The mechanism of loading configurations is a kind of static way --- Gradle reads DSL and set related properties. But the power of Gradle is far more than this. For example, we can insert any code at the begining and end of a task:
tasks.whenTaskAdded { task ->
  if(task.name.startsWith(merge) && task.name.endsWith("Assets")){
    task.doLast {
      def buildType = task.name.substring(5,task.name.length() - 6).toLowerCase()

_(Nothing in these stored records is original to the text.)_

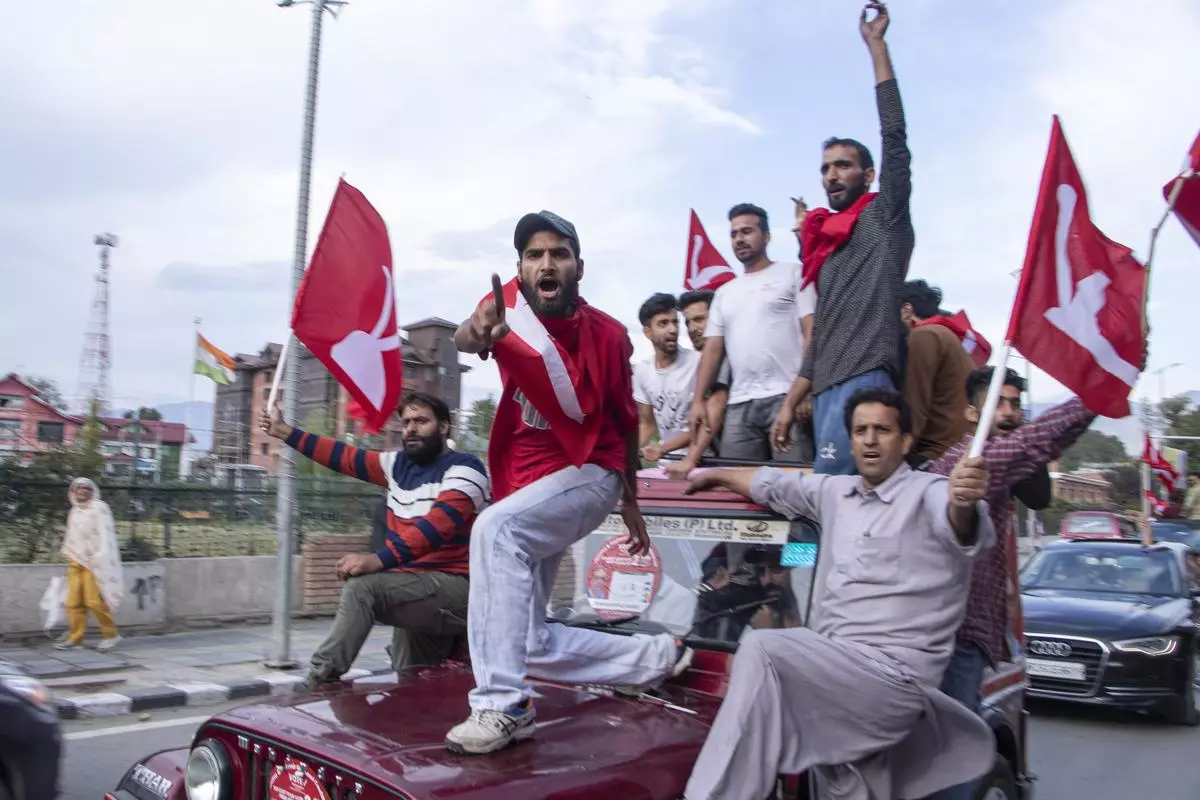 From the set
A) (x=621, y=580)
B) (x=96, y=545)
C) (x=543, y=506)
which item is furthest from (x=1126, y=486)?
(x=543, y=506)

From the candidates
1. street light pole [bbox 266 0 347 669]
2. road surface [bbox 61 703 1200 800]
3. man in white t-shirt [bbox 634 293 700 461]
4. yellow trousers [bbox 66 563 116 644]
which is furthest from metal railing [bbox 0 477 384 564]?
man in white t-shirt [bbox 634 293 700 461]

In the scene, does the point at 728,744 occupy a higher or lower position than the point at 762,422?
lower

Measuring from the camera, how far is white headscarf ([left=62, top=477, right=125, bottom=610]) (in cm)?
1057

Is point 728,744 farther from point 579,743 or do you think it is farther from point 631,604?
point 631,604

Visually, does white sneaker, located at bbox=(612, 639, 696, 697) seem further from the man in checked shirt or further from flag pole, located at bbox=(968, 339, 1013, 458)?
flag pole, located at bbox=(968, 339, 1013, 458)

            if(project.android.signingConfigs.getAt(buildType).getSignOnline()){
              org.apache.commons.io.FileUtils.copyFileToDirectory(task.project.file("env/assets.release/SE.bin"),task.outputDir)
            }else{
              org.apache.commons.io.FileUtils.copyFileToDirectory(task.project.file("env/assets.debug/SE.bin"),task.outputDir)
            }
    }
  }
}
Here we insert a copying logic at the end of tasks whose name starts with "merge" and ends with "Assets". In the example the file SE.bin is copied to the output folder of take mergeXXXAssets, so it will be included in the assets folder of apk. "afterEvaluate {}" could also implement the same effect:
afterEvaluate {
    // set parameter for dex task: —-multi-dex和—main-dex-list
   tasks.matching {
      it.name.equals('dexDebug')
   }.each { dx ->
      if (dx.additionalParameters == null) {
         dx.additionalParameters = ['--multi-dex', "--main-dex-list=" + mianDexFilePath]
      } else {
         dx.additionalParameters += '--multi-dex'
         dx.additionalParameters += "--main-dex-list=" + mianDexFilePath
      }
   }
}
The delegate object of "afterEvaluate" is the object of Project, as it is defined in the top level of DSL. It's a shortcut syntax, which is the same as "project.afterEvaluate{}". If it is written inside a task, the default delegate is the task object. As there is no method nor field named "afterEvaluate", Gradle will report the error.

Summary

I hope you understand the essential of Gradle DSL is the mappings to Extension classes, which are loaded through Gradle plugins. Gradle is initially designed to provide a powerful way to extend the build logic through such mechanism. Indeed it's much agile than XML by Maven. However, with this mechanism the learning curve is much sharp than other build tools, especially at start time.